- [Data for processing]

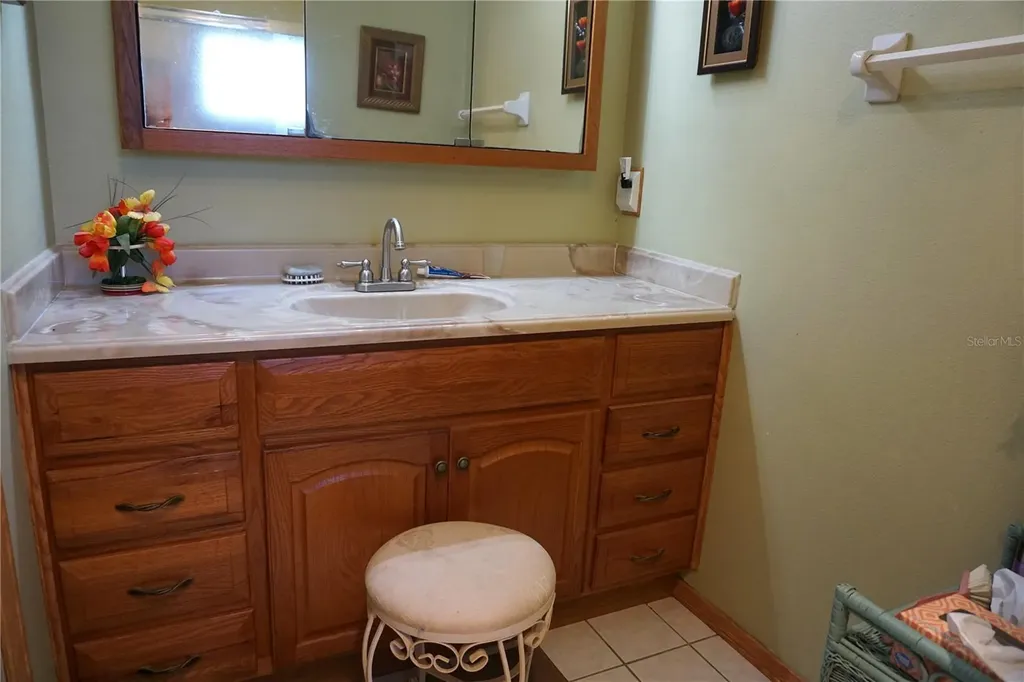 4031 93rd Terrace N Pinellas Park FL 33782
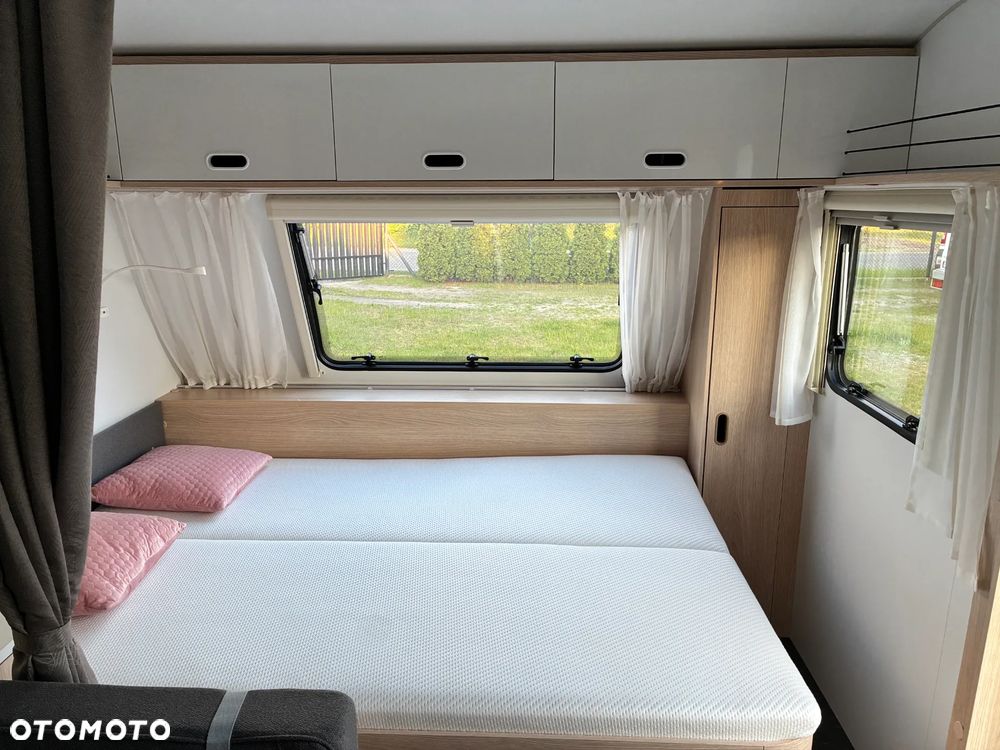 Adria AVIVA 563PT - 27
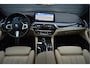 BMW 5-Serie 520e Executive | M-PAKKET | CAMERA | CARPLAY | SOH 90% |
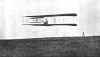 CW glider warping wings s.jpg (51643 bytes)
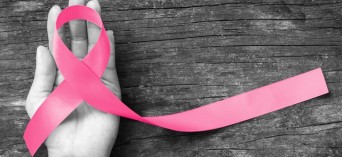 Woj. zachodniopomorskie: harmonogram mammobusu do końca września
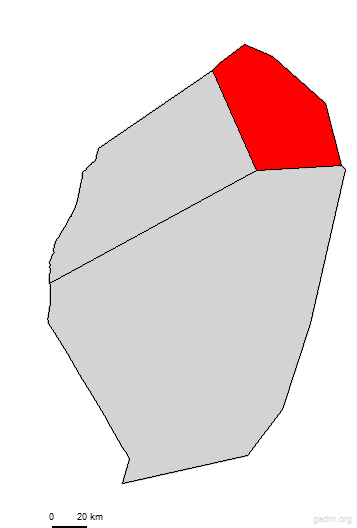 yanqul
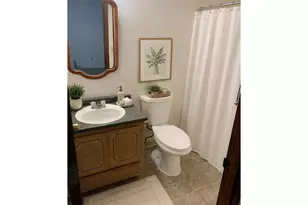 1513 NE 142nd Ct, Vancouver, WA 98684 - Photo 13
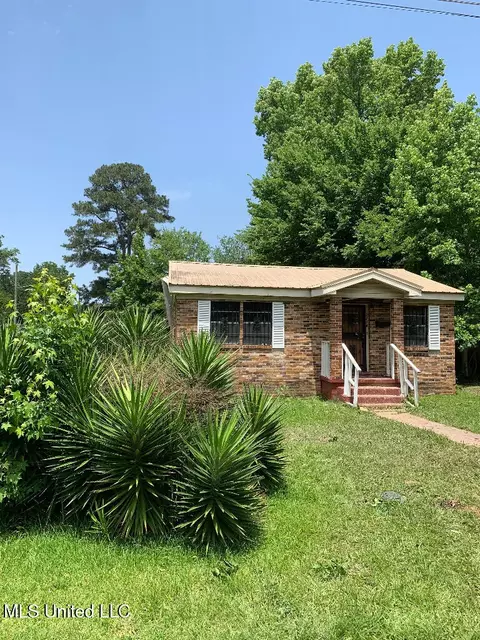 2226 Oak Park Dr, Jackson, MS 39213 photo 5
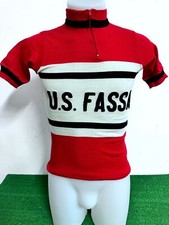 MAILLOT CYCLISME CYCLISME NON MATCH PORTÉ CHEMISE ÉMIS JERSEY CAMISETA ANCIEN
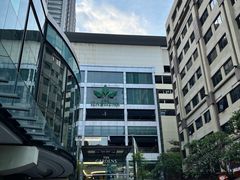 -谷中城美佳广场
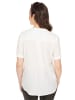 MarJo Trachtenbluse GRETA-MAJARA in offwhite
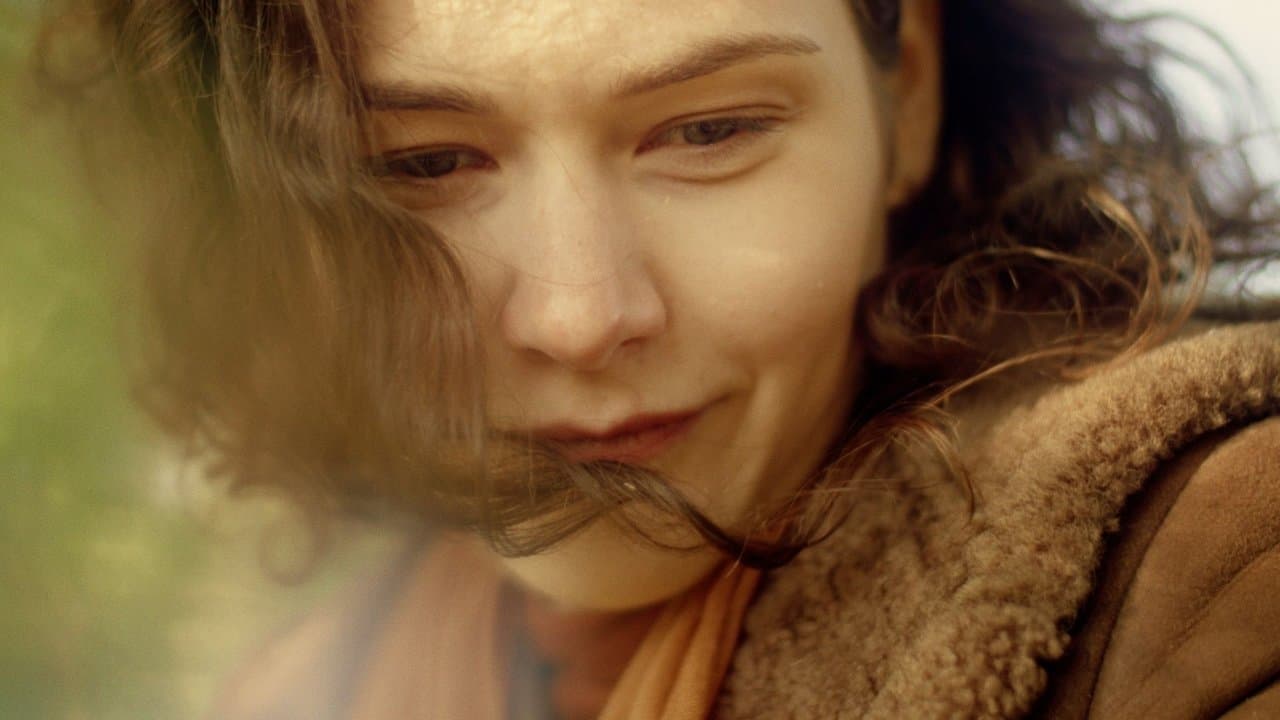 Sume mälestusの背景画像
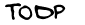 security_code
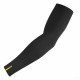 Гетры Mavic Cosmic Leg Warmer 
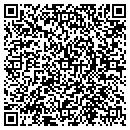 QR code with Mayrac CO Inc contacts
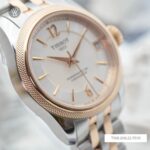 Tissot 32mm Nữ T108.208.22.117.01 - Ảnh 4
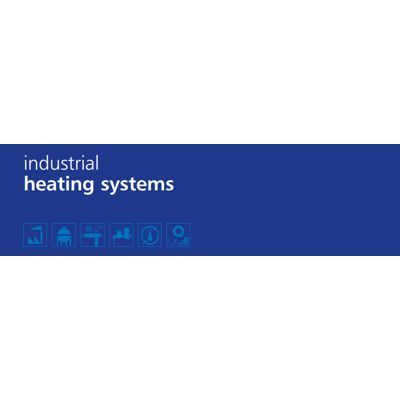 Elektra Industriella värmesystem / Industrial Heating Systems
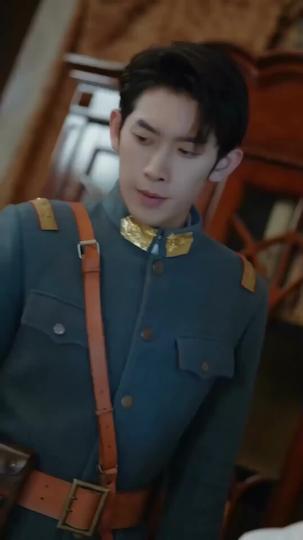 그날, 누가 소수님을 구했을까? 제2회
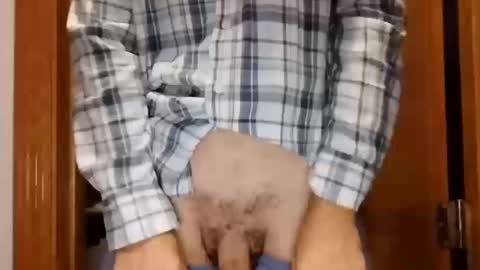 Let the fun begin online show from 10.12.25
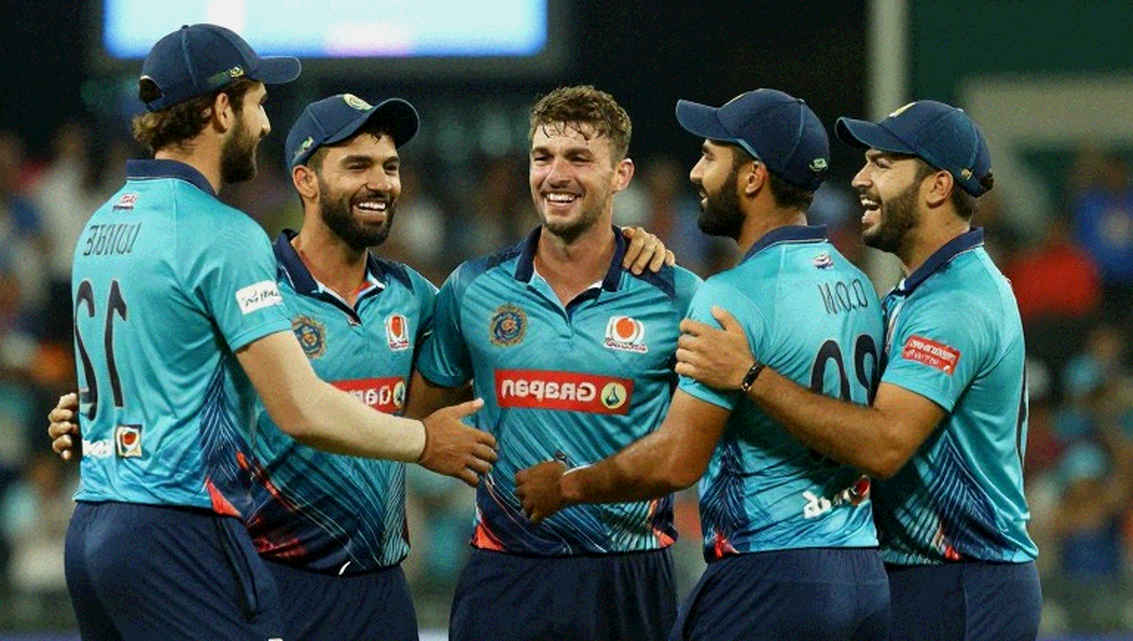 খালি সেলের সাক্ষ্য: ক্রিকেট ডেটা অডিটে নাল-ইনপুট এবং অপরিবর্তনীয় লেজারের পাঠ খালি সেলের সাক্ষ্য: ক্রিকেট ডেটা অডিটে নাল-ইনপুট এবং অপরিবর্তনীয় লেজারের পাঠ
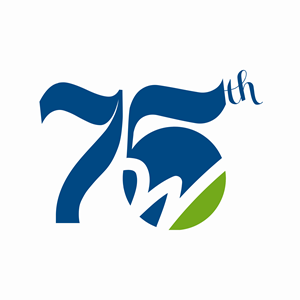 Logo Design by pakash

- [What to produce]
Return all of the entries exactly as written, but drop any pictures they hold.

- [Exercise solution]
 4031 93rd Terrace N Pinellas Park FL 33782
 Adria AVIVA 563PT - 27
 BMW 5-Serie 520e Executive | M-PAKKET | CAMERA | CARPLAY | SOH 90% |
 CW glider warping wings s.jpg (51643 bytes)
 Woj. zachodniopomorskie: harmonogram mammobusu do końca września
 yanqul
 1513 NE 142nd Ct, Vancouver, WA 98684 - Photo 13
 2226 Oak Park Dr, Jackson, MS 39213 photo 5
 MAILLOT CYCLISME CYCLISME NON MATCH PORTÉ CHEMISE ÉMIS JERSEY CAMISETA ANCIEN
 -谷中城美佳广场
 MarJo Trachtenbluse GRETA-MAJARA in offwhite
 Sume mälestusの背景画像
 security_code
 Гетры Mavic Cosmic Leg Warmer 
 QR code with Mayrac CO Inc contacts
 Tissot 32mm Nữ T108.208.22.117.01 - Ảnh 4
 Elektra Industriella värmesystem / Industrial Heating Systems
 그날, 누가 소수님을 구했을까? 제2회
 Let the fun begin online show from 10.12.25
 খালি সেলের সাক্ষ্য: ক্রিকেট ডেটা অডিটে নাল-ইনপুট এবং অপরিবর্তনীয় লেজারের পাঠ খালি সেলের সাক্ষ্য: ক্রিকেট ডেটা অডিটে নাল-ইনপুট এবং অপরিবর্তনীয় লেজারের পাঠ
 Logo Design by pakash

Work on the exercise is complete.